I am fairly new to Canada, I moved here from England about 18 months ago. 

As a result, either it's because I am too lazy, or I just haven't looked hard enough - but here in downtown Toronto I don't know where to find a really good video game store is!

I have a gamecube and gameboy advance - both purchased from the EB Games in the depths of the Eaton Centre, but that store sucks. It never seems to have new stock, and what they have seems to be really old.

Do I have to go to Walmart or Best Buy? Or are there really good stores somewhere downtown?


----------



## Clockwork (Feb 24, 2002)

I bought from these guys before.

http://www.interactcd.com/ 

You could also try www.cpused.com 

Very good service. They sell a lot of used games. Although it is an American company, they have decent prices on used games.


----------



## Unwound (Aug 10, 2004)

Actually, I wasn't referring to Mac games - I meant games for my Gamecube etc. It just seems I don't know where to go!


----------



## Clockwork (Feb 24, 2002)

Try microplay, they usualy have a decent selection of games









http://www.microplay.com/DesktopDefault.aspx

or just look up and down young street, there is allways places to buy games


----------



## PosterBoy (Jan 22, 2002)

I am sure that Electronics Boutique has at least a few locations in the GTA. Their service is not always the best, but they usually have everything for PS2, GameCube, XBox and PC, and they sell used games and do trade ins as well.


----------



## Unwound (Aug 10, 2004)

Excellent. There's a Microplay around the corner from my house I never knew about! 

I've been to Electronics Boutiques, as I mentioned I bought everything I hve game-wise from EB Games in the Eaton Centre, but I find that store, and another location of it at Yonge Eglinton to be really poor.


----------



## PosterBoy (Jan 22, 2002)

I'd keep checking around different EB Locations if that's convenient. There are three or four around me, but there's only one I'd still set foot in.

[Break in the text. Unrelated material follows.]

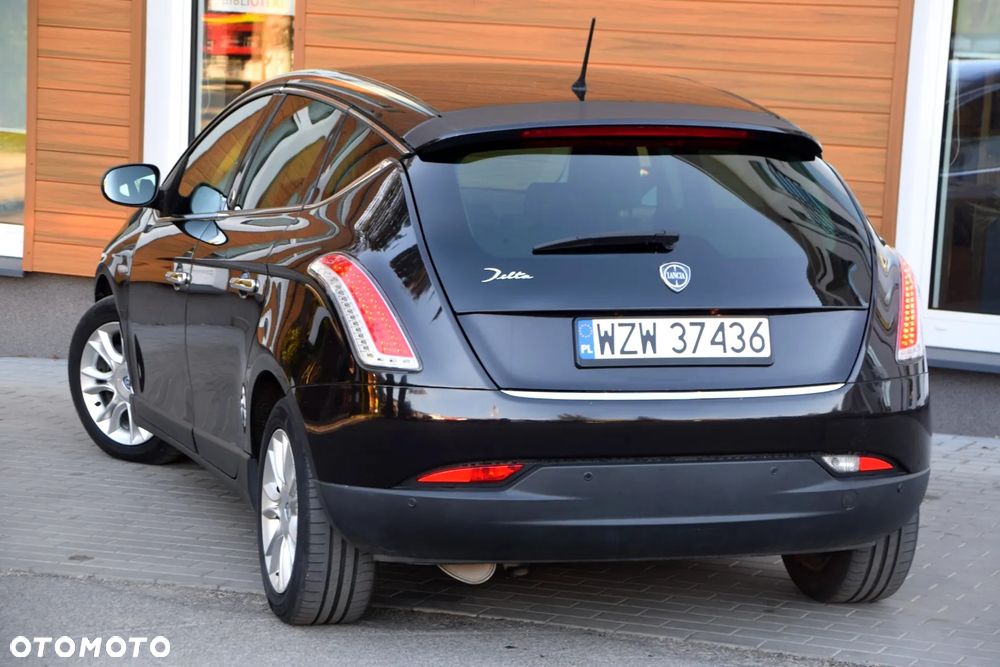 Lancia Delta 1.4 T-Jet 16v Oro - 9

Best Buy, Future Shop, Toys R Us, Wal-Mart, all sell games, too.


----------



## Clockwork (Feb 24, 2002)

Microplay is also Canadian. EB is just the Walmart of gameing. I live in Brampton and EB knocked out both Ardvark and Microplay in the mall. Also check on Young street, some of these game stores owned by Chinese people that I have been to that have fantastic deals. There are several along Young street.


----------



## skinnyman (Oct 25, 2003)

Game Centre at Yonge and Bloor has a good selection of new and used games. I find their used games are priced well. I've bought a lot of Dreamcast games there.

There's also a Game Shack in the Atrium on Bay. Mostly new games, but lots of used PC games.

At Yonge and Eglington is one called Gamerama. They have a good selection, although for used games, Game Centre is cheaper.

These are stores that I've frequented along Yonge. There's probably more, just look in the phone book


----------



## Griller (Jan 17, 2002)

For Mac games check out : Compusmart 

Click on the 'Games' link in the 'Software' section. Then type 'mac' in Keywords and click on Search.

For your GC and GB, EB is okay, Future Shop, Best Buy, and Wal-mart are good.


----------



## talonracer (Dec 30, 2003)

Could anyone suggest a spot to buy new/used PS2 games in Calgary? There's an EB games not far from my office, but I'd be happy to support a local company..


----------